De womanosphere bestaat uit onder andere femfluencers (zoals Kate Mackz) en een tijdschrift (Evie), en ze past naadloos in Trumps MAGA-universum. Op de website van Evie staat een blonde vrouw in een strak dirndl-blousje, die een koe melkt. Make Amerika Sexy Again! De womanosphere promoot een wit dun vrouwelijk ideaal. Je kan het weglachen als een (nog) relatief marginaal verschijnsel, maar een expert in The Guardian waarschuwt: de womanosphere is een „gateway drug into more extreme conservative ideologies”. Dat behelst een agressieve vorm van fatalisme, biologisch essentialisme en vijanddenken richting liberaal feminisme.
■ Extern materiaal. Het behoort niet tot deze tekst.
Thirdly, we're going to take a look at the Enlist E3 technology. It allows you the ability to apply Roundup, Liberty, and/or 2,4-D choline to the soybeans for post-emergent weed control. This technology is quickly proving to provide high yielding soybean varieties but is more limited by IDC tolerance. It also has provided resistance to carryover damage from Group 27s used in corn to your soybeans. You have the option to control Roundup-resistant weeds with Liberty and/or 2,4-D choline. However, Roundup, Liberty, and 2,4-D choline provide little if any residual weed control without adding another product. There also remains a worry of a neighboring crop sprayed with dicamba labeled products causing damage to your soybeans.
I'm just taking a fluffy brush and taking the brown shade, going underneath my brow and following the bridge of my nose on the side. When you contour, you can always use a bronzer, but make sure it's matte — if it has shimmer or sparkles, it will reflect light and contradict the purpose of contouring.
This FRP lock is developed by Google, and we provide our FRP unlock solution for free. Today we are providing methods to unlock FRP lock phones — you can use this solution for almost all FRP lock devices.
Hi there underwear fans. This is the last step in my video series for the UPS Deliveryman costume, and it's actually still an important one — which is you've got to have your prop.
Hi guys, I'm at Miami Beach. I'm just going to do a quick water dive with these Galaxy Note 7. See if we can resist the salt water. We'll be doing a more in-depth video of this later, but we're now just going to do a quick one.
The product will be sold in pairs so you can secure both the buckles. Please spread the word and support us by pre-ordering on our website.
Via populaire cultuur worden extreme ideeën genormaliseerd. Ze gebruiken daarbij slim de taal van de esthetica. Jessica Grosse zet in een podcast van The New York Times de ‘MAGA-beauty’ – de ‘Republikeinse’ make-up esthetica – uiteen en hoe je de MAGA-vrouw meteen herkent. De conservatieve vrouwelijke esthetiek propageert lang gekruld haar, zware make up, grote oorbellen, kleding die de vorm accentueert – kortom: hypervrouwelijk. Denk Kristi Noem, Nancy Mace, of in Nederland Raisa Blommestijn en Arlette Adriani. Een ‘democratische esthetica’ aanwijzen is lastiger, omdat die juist drijft op de vrijheid van het individu, of het moet zoiets algemeens zijn als weinig make-up of gekke kleuren in het haar (links).
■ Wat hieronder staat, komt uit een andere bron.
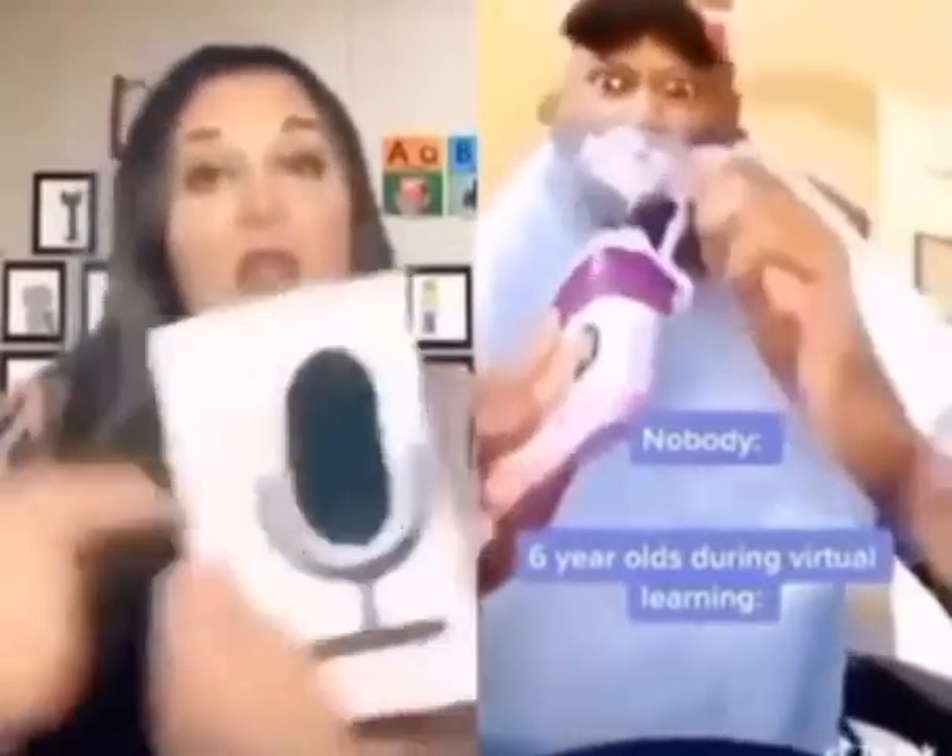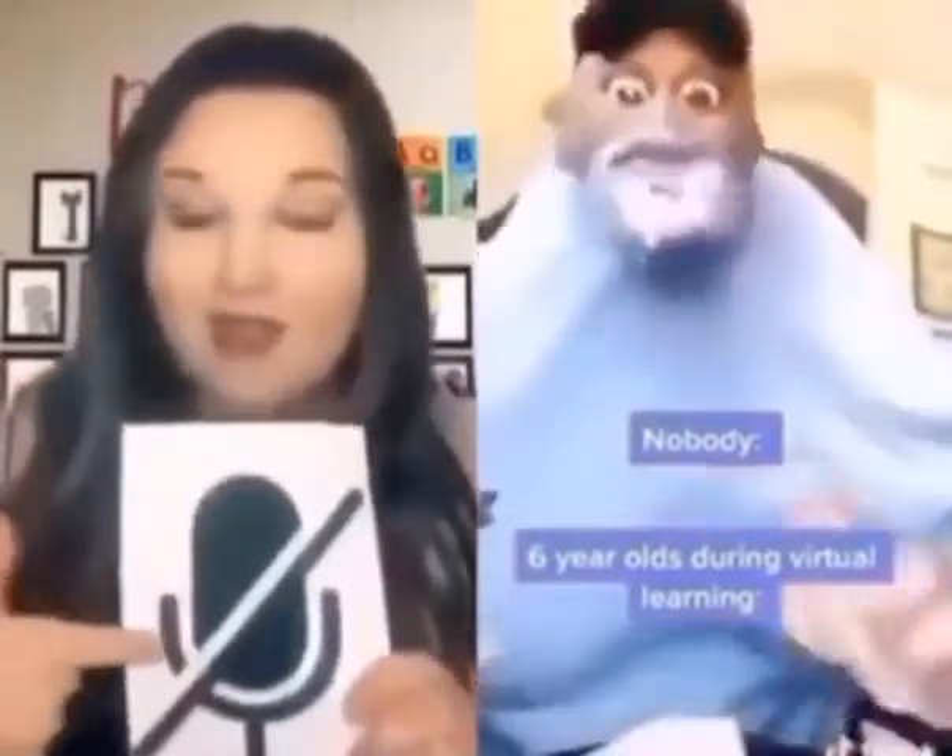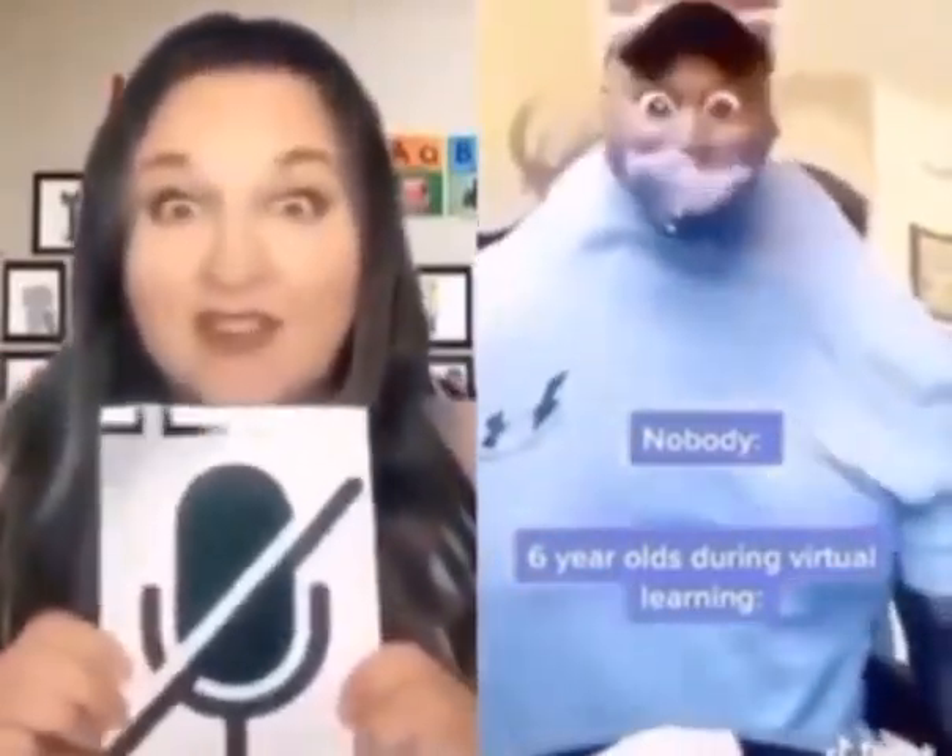Do you have anybody that can help you around you? Click the button, make it look like this — mute your microphone. Oh, are you okay?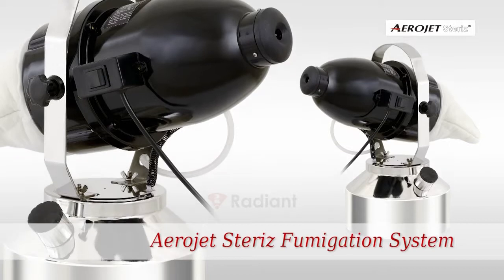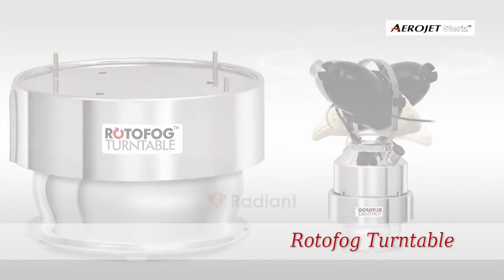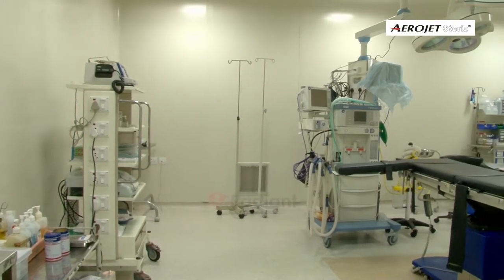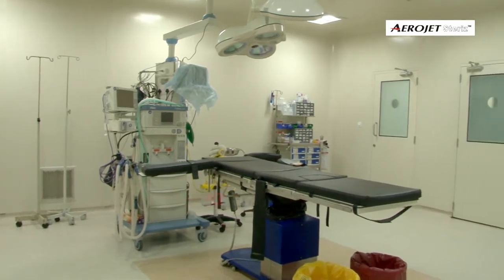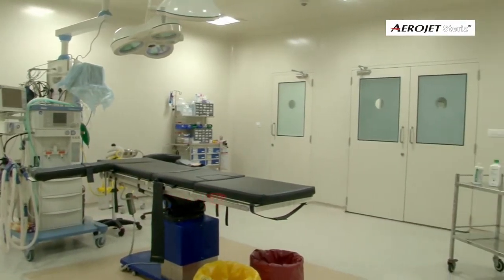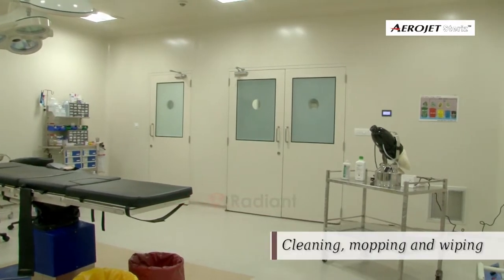Please follow the installation process of Aerojet for airborne disinfection of the treatment area. The treatment area should be absolutely dust and dirt free, and subjected to a thorough bio-cleaning process which includes all accessible and inaccessible surfaces subjected to cleaning, mopping.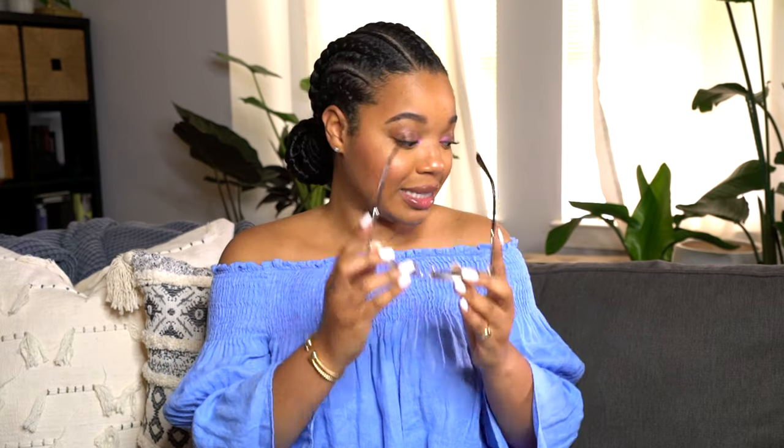I do like a more substantial sunglass because I have a round, full face — I've got to make sure that the glasses can stand up to that. So that's the first pair. Love, love, love these.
Met deze opmars van de womanosphere is een feministische tegenbeweging wat mij betreft harder nodig dan ooit. Maar ‘het’ feminisme is op dit moment vooral bezig met onderling eindeloos ruziemaken over wat feministisch is, denk aan het debat rondom de film Babygirl. Exemplarisch voor de impasse is het onlangs verschenen boek Enemy Feminisms, waarin de radicaal linkse feministe Sophie Lewis in ontoegankelijk en zelfgenoegzaam proza wil vaststellen wat ‘gevaar-feminismen’ zijn (girl boss-feminisme, anti-porno feminisme, politievrouwen, enzovoort) en wat volgens haar de enige juiste moreel zuivere vorm van feminisme is. Het maakt haar zo betweterig, irritant, on-nieuwsgierig en pro-cancelcultuur, dat ze al mijn sympathie verliest hoewel we strijden tegen hetzelfde gevaar van conservatisme en extreme rechtse ideologie.
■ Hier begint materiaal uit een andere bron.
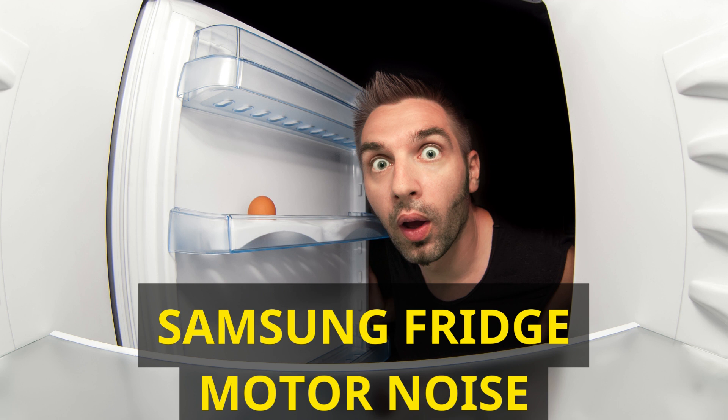Cool Select Pantry Drawer: some Samsung refrigerator models feature a Cool Select Pantry Drawer. This area can accumulate ice quickly due to its separate temperature control. Regularly clean this drawer to prevent ice formation. Defrosting your fridge: while Samsung refrigerators come equipped with an auto-defrost function, thicker ice may require manual intervention. Samsung offers a helpful force defrost function for such situations.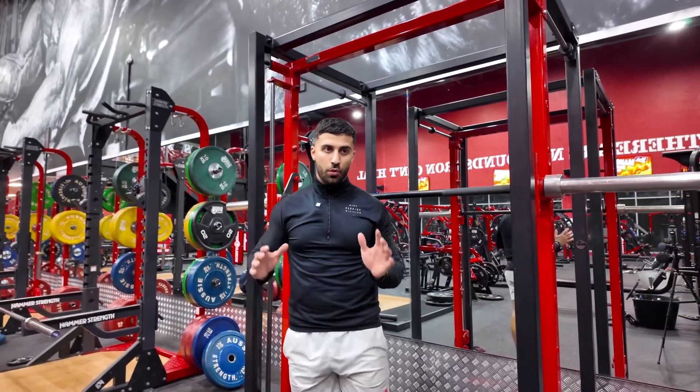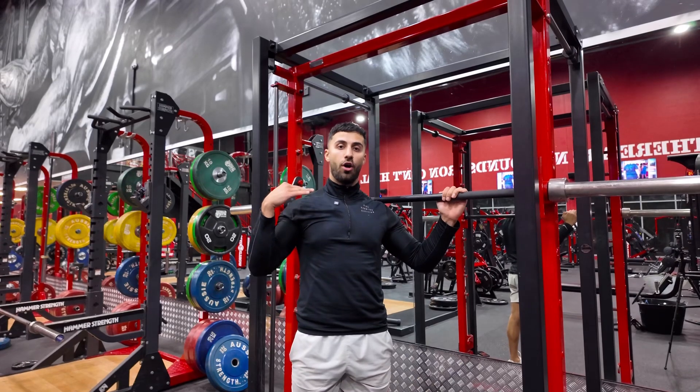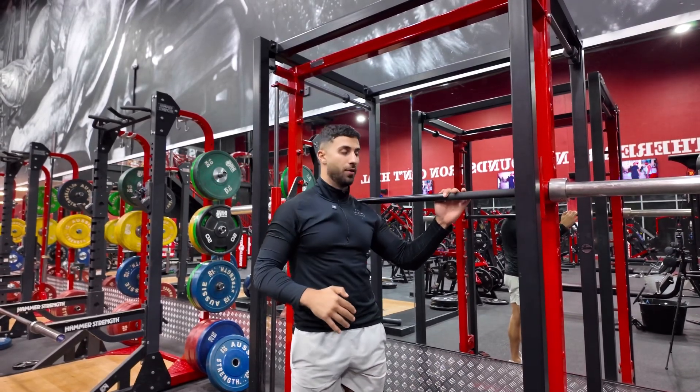Smith Machine Squats. You want to make sure that the bar is set about collarbone height — not too high, not too low, just about the height of your collarbone.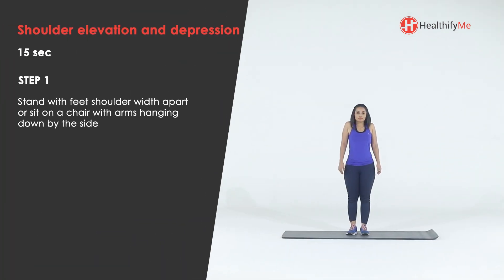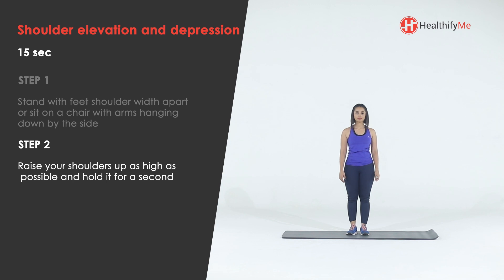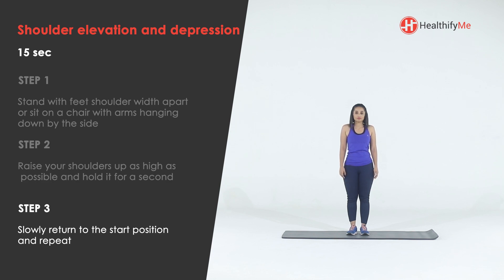Stand with feet shoulder width apart, or sit on a chair with arms hanging down by the side. Raise your shoulders up as high as possible and hold for a second. Slowly return to the start position and repeat. Breathe out as you raise your shoulders and breathe in as you lower them.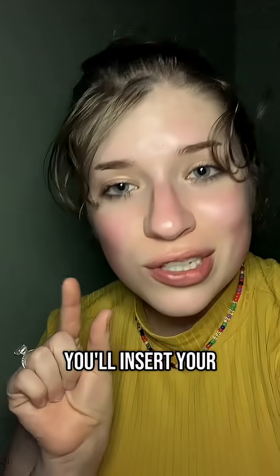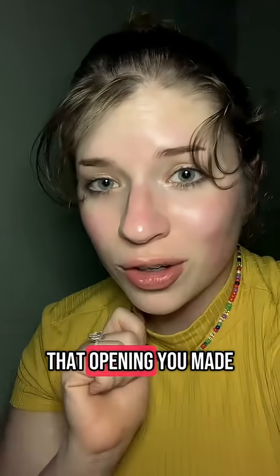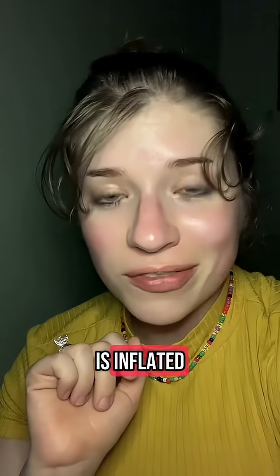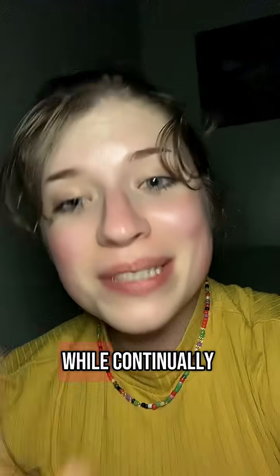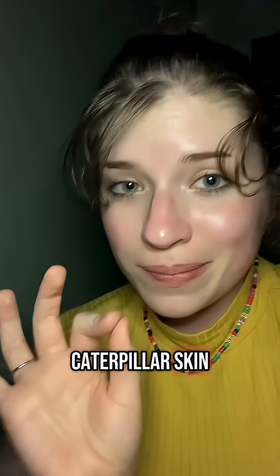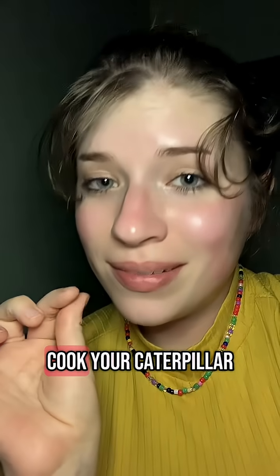Once the guts of your caterpillar are fully removed, insert your tiny straw into the opening you made and gently blow until your caterpillar is inflated. Now comes your heat source — while continually blowing into your caterpillar skin, you're going to cook your caterpillar.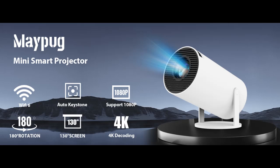Find or read reviews that people are talking about MAPIG Mini Projector with Wi-Fi 6 and Bluetooth. Why you should choose? Here are some reasons why you should choose it.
Zo lang het feminisme zich verliest in een onderlinge tribale strijd, spint Trump er alleen maar garen bij. Het meeste vertrouwen heb ik in humor als wapen tegen de oprukkende womanosphere. Ik genoot van een TikTok-video met een ‘Republican make-up’ tutorial. Lubach, ik smeek je, pak dit op. Maak die womanosphere Make America Sexy Again trend belachelijk, voordat ze onze dochters te pakken krijgen.
Stine Jensen is filosoof en schrijver. Ze schrijft om de week een column op deze plek.